(ENTRIES PROVIDED)

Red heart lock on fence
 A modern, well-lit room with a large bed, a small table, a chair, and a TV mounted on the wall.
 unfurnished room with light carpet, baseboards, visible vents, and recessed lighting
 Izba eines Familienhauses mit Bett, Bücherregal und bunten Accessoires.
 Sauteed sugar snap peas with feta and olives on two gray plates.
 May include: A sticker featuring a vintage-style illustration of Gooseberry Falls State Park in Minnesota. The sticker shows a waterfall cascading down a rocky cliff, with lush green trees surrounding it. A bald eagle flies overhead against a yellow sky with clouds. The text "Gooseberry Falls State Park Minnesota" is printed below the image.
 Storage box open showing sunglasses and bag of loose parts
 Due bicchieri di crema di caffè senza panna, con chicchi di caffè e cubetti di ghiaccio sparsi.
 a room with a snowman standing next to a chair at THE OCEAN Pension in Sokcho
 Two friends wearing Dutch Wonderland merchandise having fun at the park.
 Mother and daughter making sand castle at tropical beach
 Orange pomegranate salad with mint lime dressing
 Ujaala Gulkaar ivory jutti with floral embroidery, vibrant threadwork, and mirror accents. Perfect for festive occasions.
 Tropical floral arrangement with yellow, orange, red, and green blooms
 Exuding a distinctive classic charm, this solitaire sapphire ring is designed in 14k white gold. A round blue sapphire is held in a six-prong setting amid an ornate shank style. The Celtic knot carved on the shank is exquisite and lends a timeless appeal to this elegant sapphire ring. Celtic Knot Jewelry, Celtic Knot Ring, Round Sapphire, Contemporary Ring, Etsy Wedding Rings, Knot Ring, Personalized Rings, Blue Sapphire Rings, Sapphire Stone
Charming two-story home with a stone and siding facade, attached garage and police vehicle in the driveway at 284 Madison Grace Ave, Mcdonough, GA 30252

(End ENTRIES PROVIDED)

PROMPT:
Each record is to be repeated word for word, with none skipped.

ANSWER SPACE:
Red heart lock on fence
 A modern, well-lit room with a large bed, a small table, a chair, and a TV mounted on the wall.
 unfurnished room with light carpet, baseboards, visible vents, and recessed lighting
 Izba eines Familienhauses mit Bett, Bücherregal und bunten Accessoires.
 Sauteed sugar snap peas with feta and olives on two gray plates.
 May include: A sticker featuring a vintage-style illustration of Gooseberry Falls State Park in Minnesota. The sticker shows a waterfall cascading down a rocky cliff, with lush green trees surrounding it. A bald eagle flies overhead against a yellow sky with clouds. The text "Gooseberry Falls State Park Minnesota" is printed below the image.
 Storage box open showing sunglasses and bag of loose parts
 Due bicchieri di crema di caffè senza panna, con chicchi di caffè e cubetti di ghiaccio sparsi.
 a room with a snowman standing next to a chair at THE OCEAN Pension in Sokcho
 Two friends wearing Dutch Wonderland merchandise having fun at the park.
 Mother and daughter making sand castle at tropical beach
 Orange pomegranate salad with mint lime dressing
 Ujaala Gulkaar ivory jutti with floral embroidery, vibrant threadwork, and mirror accents. Perfect for festive occasions.
 Tropical floral arrangement with yellow, orange, red, and green blooms
 Exuding a distinctive classic charm, this solitaire sapphire ring is designed in 14k white gold. A round blue sapphire is held in a six-prong setting amid an ornate shank style. The Celtic knot carved on the shank is exquisite and lends a timeless appeal to this elegant sapphire ring. Celtic Knot Jewelry, Celtic Knot Ring, Round Sapphire, Contemporary Ring, Etsy Wedding Rings, Knot Ring, Personalized Rings, Blue Sapphire Rings, Sapphire Stone
Charming two-story home with a stone and siding facade, attached garage and police vehicle in the driveway at 284 Madison Grace Ave, Mcdonough, GA 30252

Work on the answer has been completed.